Los monitos no duraron. La desarticulación de esta S.L. (Sociedad Limitada) mediante el voto del público durante las primeras galas de eliminación fue tan veloz como su conformación. Y sus consecuencias se convirtieron en la segunda clave de lo que se podía esperar de esta 11va. edición del show -diez regulares y una especial con celebridades, emitida en 2007-, en relación al nuevo público que merodea este tipo de formatos.
El hotel de los famosos -propuesta de menor lustre pero similar audiencia- había avisado: el que se pasa de vivo se queda afuera. Las bromas preadolescentes de Martín Salwe o Emily Lucius no gustaron y sembraron de obstáculos el ascenso profesional que esperaban a partir de su participación. El locutor todavía hoy deambula por los programas de espectáculos quejándose de la intencionalidad de la edición, mientras busca la manera de reinventarse para reinsertarse en un medio que hoy le es más hostil que antes.
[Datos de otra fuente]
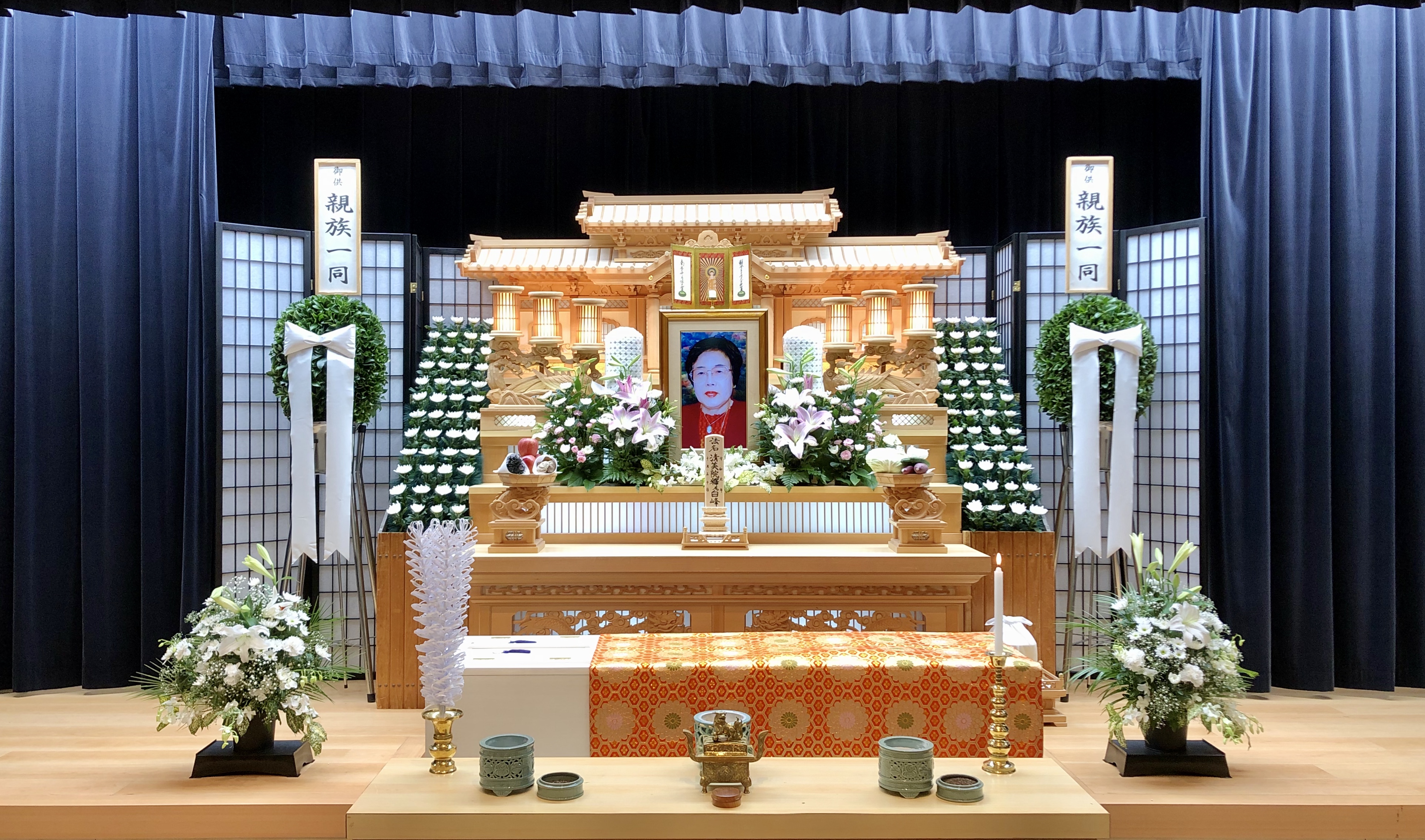 平安会館　名古屋斎場　祭壇の全景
Y algo parecido pasó en Gran Hermano. Aquellos que en las primeras semanas buscaron aventajar al resto –robando comida y elementos de limpieza– o que se corrieron de un discurso de convivencia políticamente correcto, fueron sancionados por la gente antes que por el programa mismo, y expulsados uno tras otro.
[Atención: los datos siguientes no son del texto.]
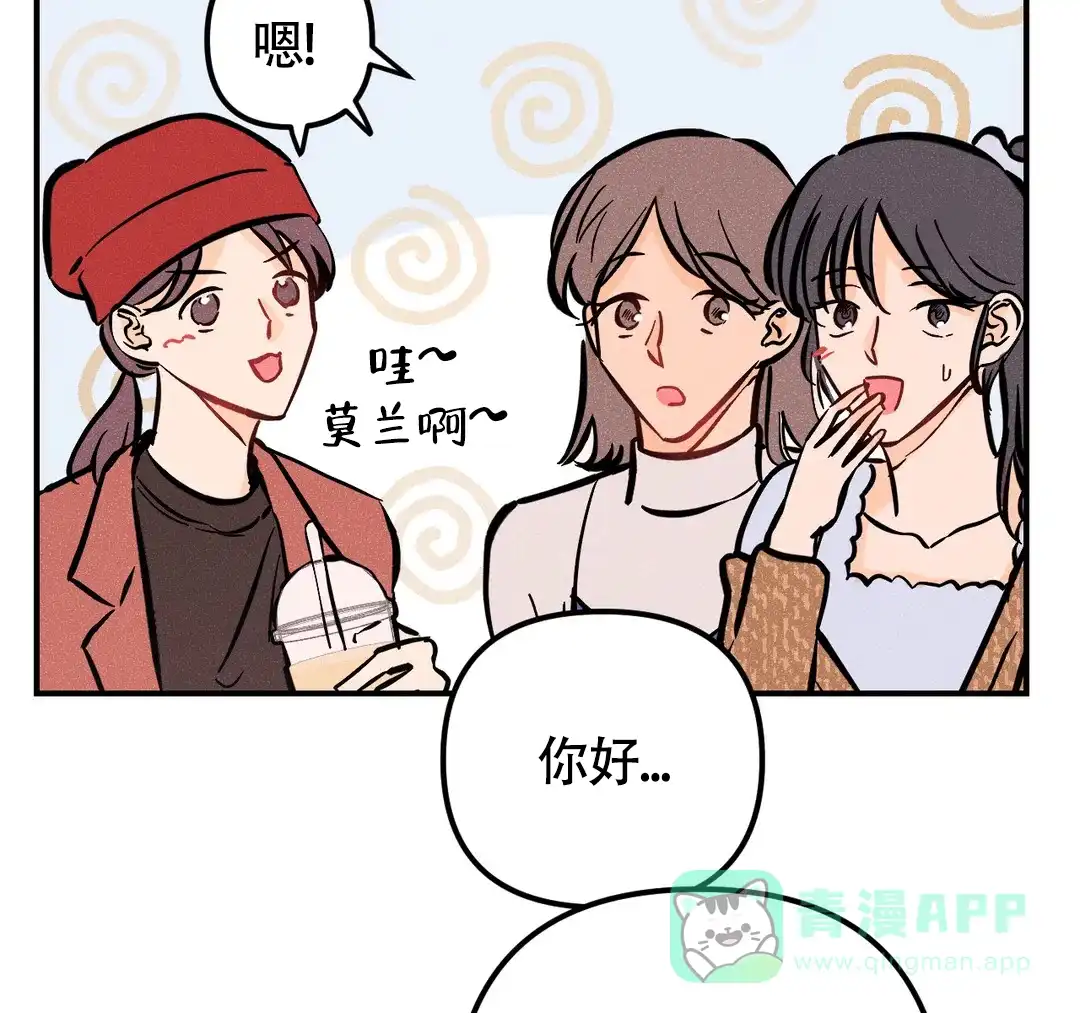 《奏爱》第72话 第6页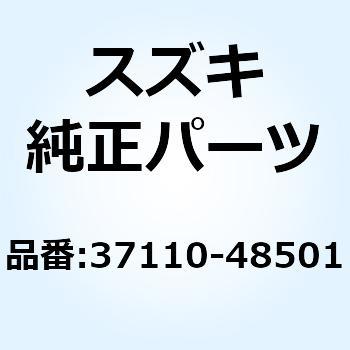 スイッチアッシ イグニッション 37110-48501 - スズキ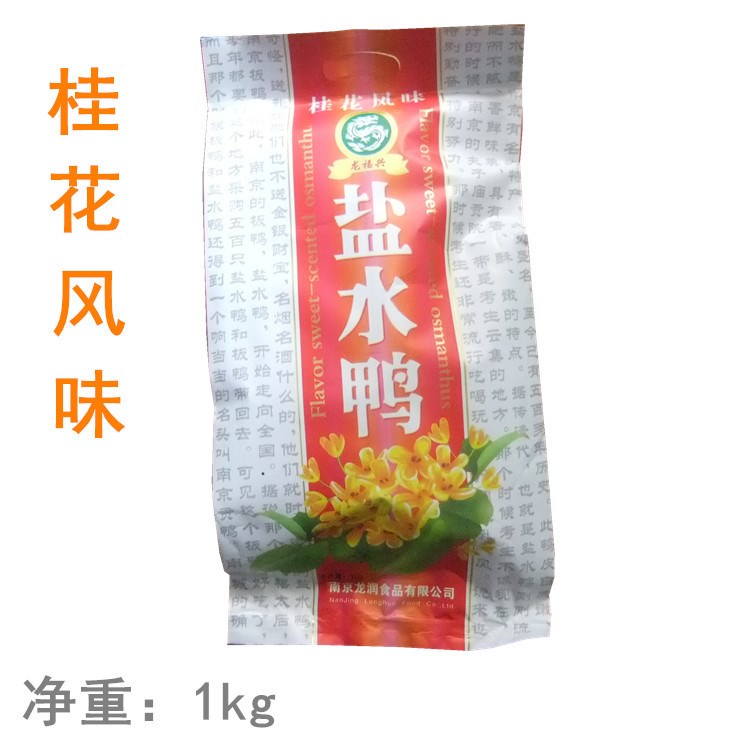 肉制品熟食批發(fā) 南京桂花鴨 鹽水鴨1000g 咸水鴨板鴨 年貨團(tuán)購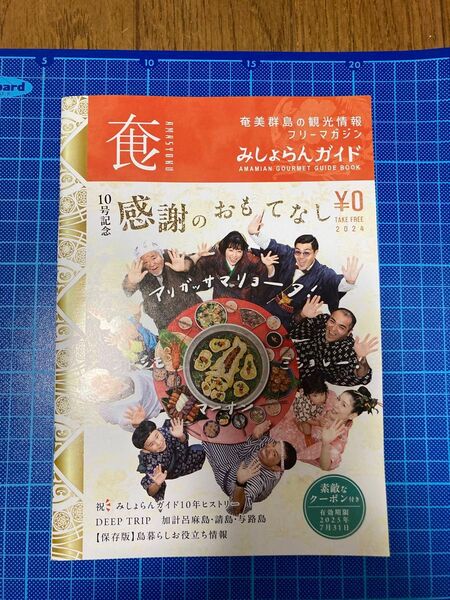 奄美大島 ガイドブック 本 フリーペーパー amami 旅行雑誌 マップ 地図 観光情報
Curiosamente o no, situaciones menos cotidianas y más significativas para la opinión pública, como las acusaciones de Walter “Alfa” Santiago hacia el presidente Alberto Fernández o episodios que rozaron lo homofóbico, y de los que la televisación de Telefe optó por mostrar poco o nada, no movieron el amperímetro interno, ni tampoco externo.
Como sucedió siempre, el inteligente diseño de los responsables del programa guiona una “realidad” a gusto y piacere de los fans, que lo consumen sin hacerse preguntas. En 2015 la casa se violentaba por no tener mancuernas a disposición, y un poco antes, el infierno en la tierra era la sobreabundancia de lechuga. Hoy, la masa crítica se indigna a la par de Julieta por un granito en la frente o una pollera manchada, mientras pasan por alto sucesivos ejemplos de violencia simbólica. Revolucionarios del “fuera malas vibras”, se podrían llamar.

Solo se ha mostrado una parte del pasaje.